• WHAT YOU HAVE TO DO
Reproduce the entries verbatim; no pictures.

[Data items]
○ ○ ○
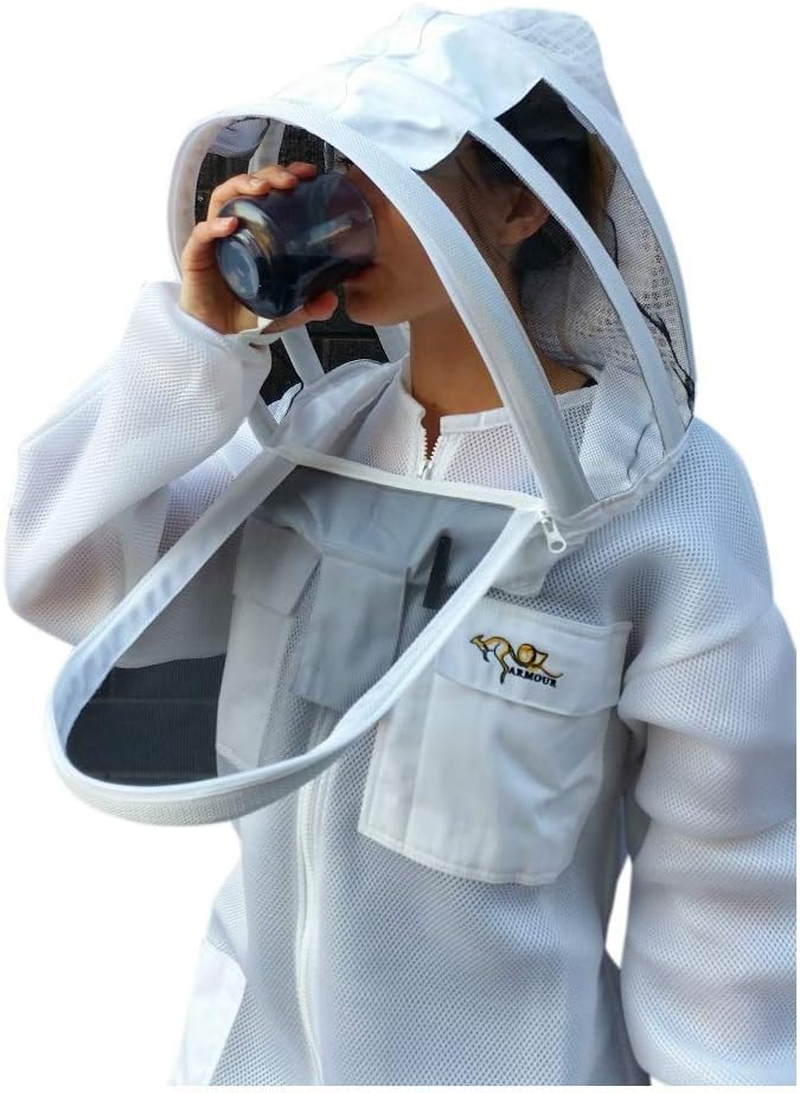 Beekeeping Suit Aerated Light Weight with 2 Hoods Fencing & round Brim Hat (3XL) image number 2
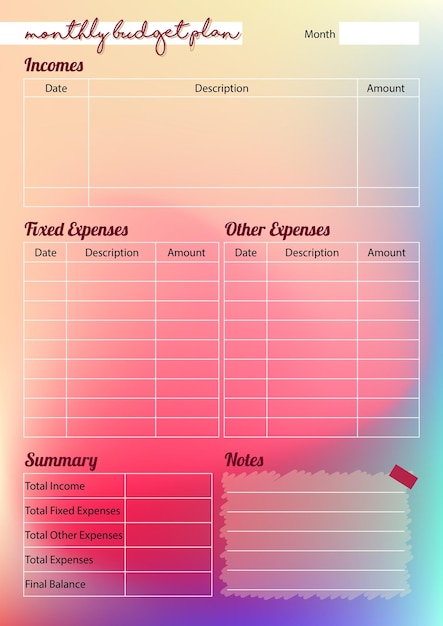 Vector monthly budget plan with gradient background design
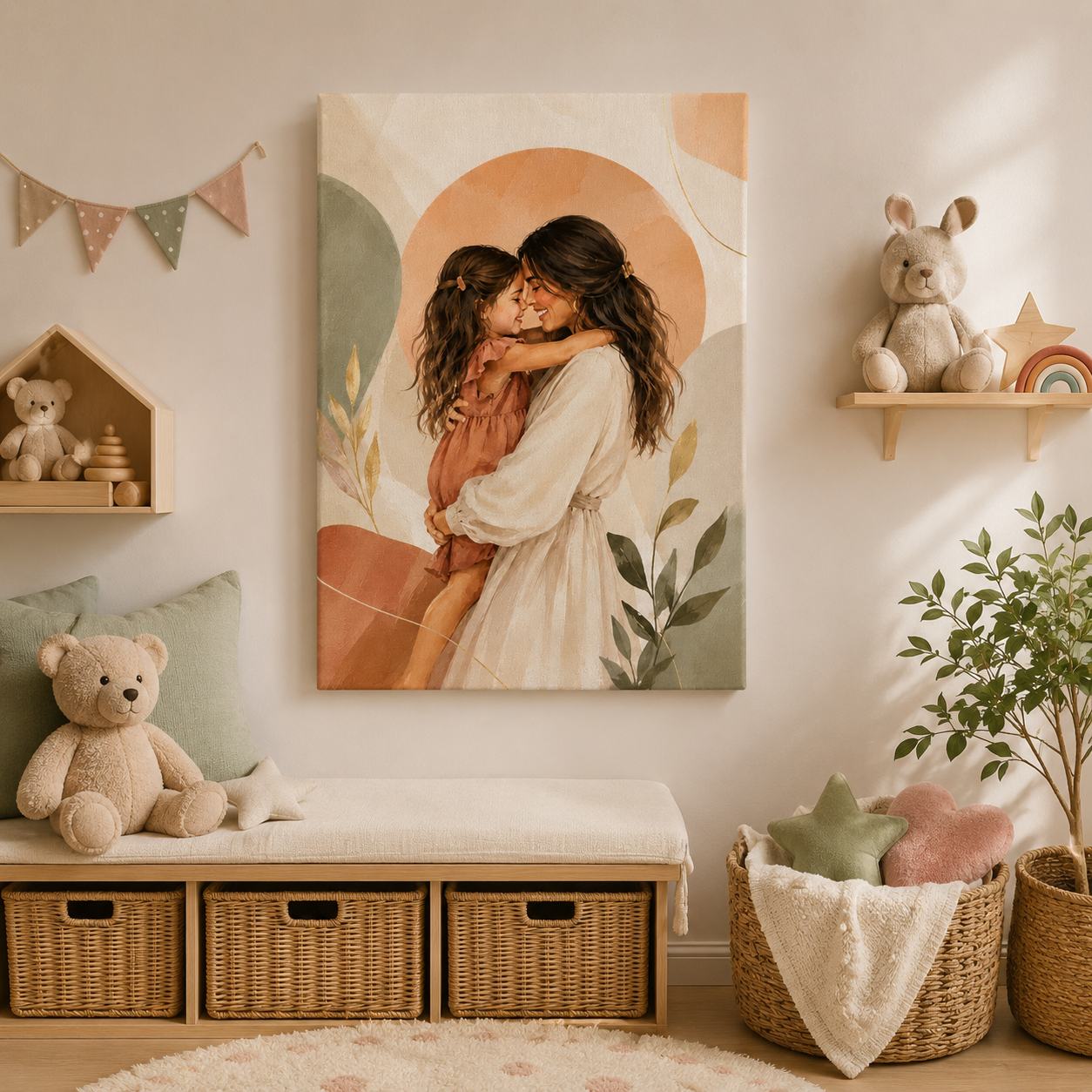 Custom Photo Mom & Daughter Canvas Wall Art - Custom Gift For Mom TOM99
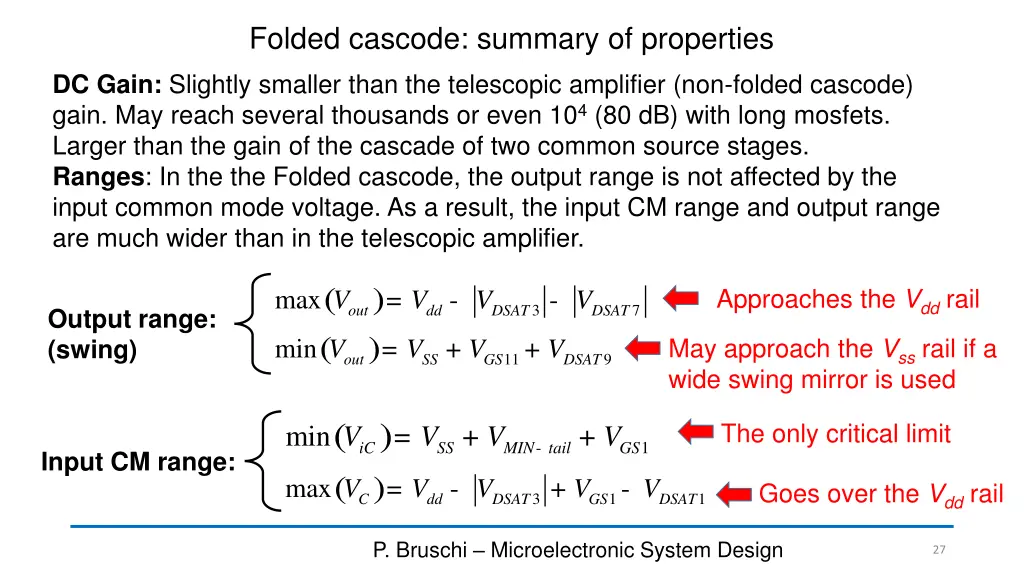 folded cascode summary of properties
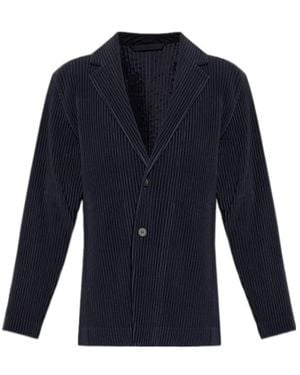 Homme Plissé Issey Miyake Plissé-Effect Notched-Lapel Blazer - Blue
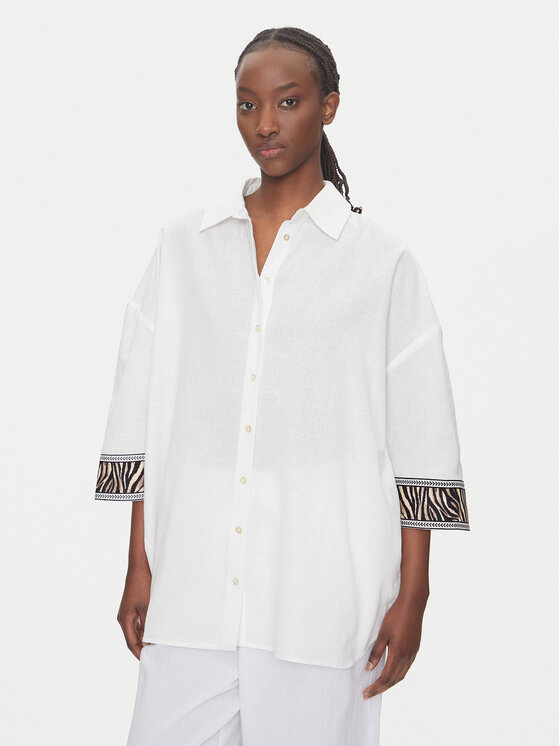LOLA CASADEMUNT LOLA CASADEMUNT Košile LS2515036 Bílá Relaxed Fit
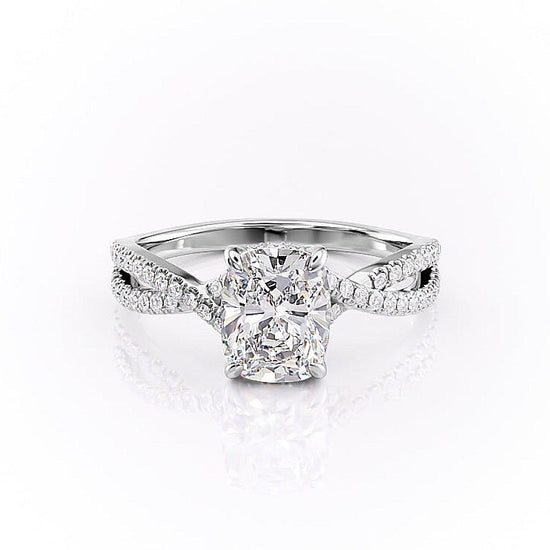 2.0 CT Elongated Cushion Cut Solitaire Split Shank Style Moissanite Engagement Ring 10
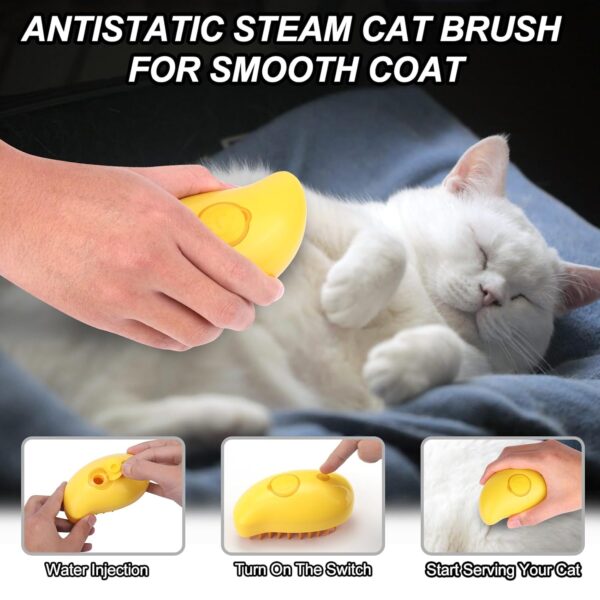 BABORUI Pet Steam Brush, Cat Steamy Brush for Shedding with Water Tank, Multifunctional Wet Cat Grooming Brush Steamer, Rechargeable Steaming Pet Brush for Short or Long Hair Cats/Dogs(Yellow) - Image 9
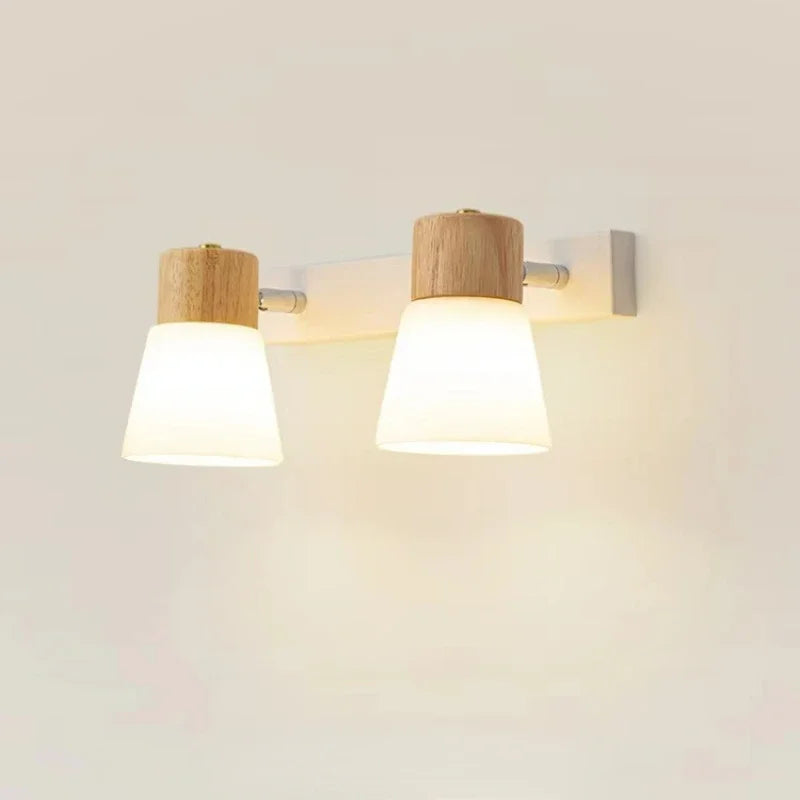 Minimalist Wooden Wall Lamp Double Head Glass Bedside Sconce Bedroom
○ ○ ○
• TASK RESULT
 Beekeeping Suit Aerated Light Weight with 2 Hoods Fencing & round Brim Hat (3XL) image number 2
 Vector monthly budget plan with gradient background design
 Custom Photo Mom & Daughter Canvas Wall Art - Custom Gift For Mom TOM99
 folded cascode summary of properties
 Homme Plissé Issey Miyake Plissé-Effect Notched-Lapel Blazer - Blue
LOLA CASADEMUNT LOLA CASADEMUNT Košile LS2515036 Bílá Relaxed Fit
 2.0 CT Elongated Cushion Cut Solitaire Split Shank Style Moissanite Engagement Ring 10
 BABORUI Pet Steam Brush, Cat Steamy Brush for Shedding with Water Tank, Multifunctional Wet Cat Grooming Brush Steamer, Rechargeable Steaming Pet Brush for Short or Long Hair Cats/Dogs(Yellow) - Image 9
 Minimalist Wooden Wall Lamp Double Head Glass Bedside Sconce Bedroom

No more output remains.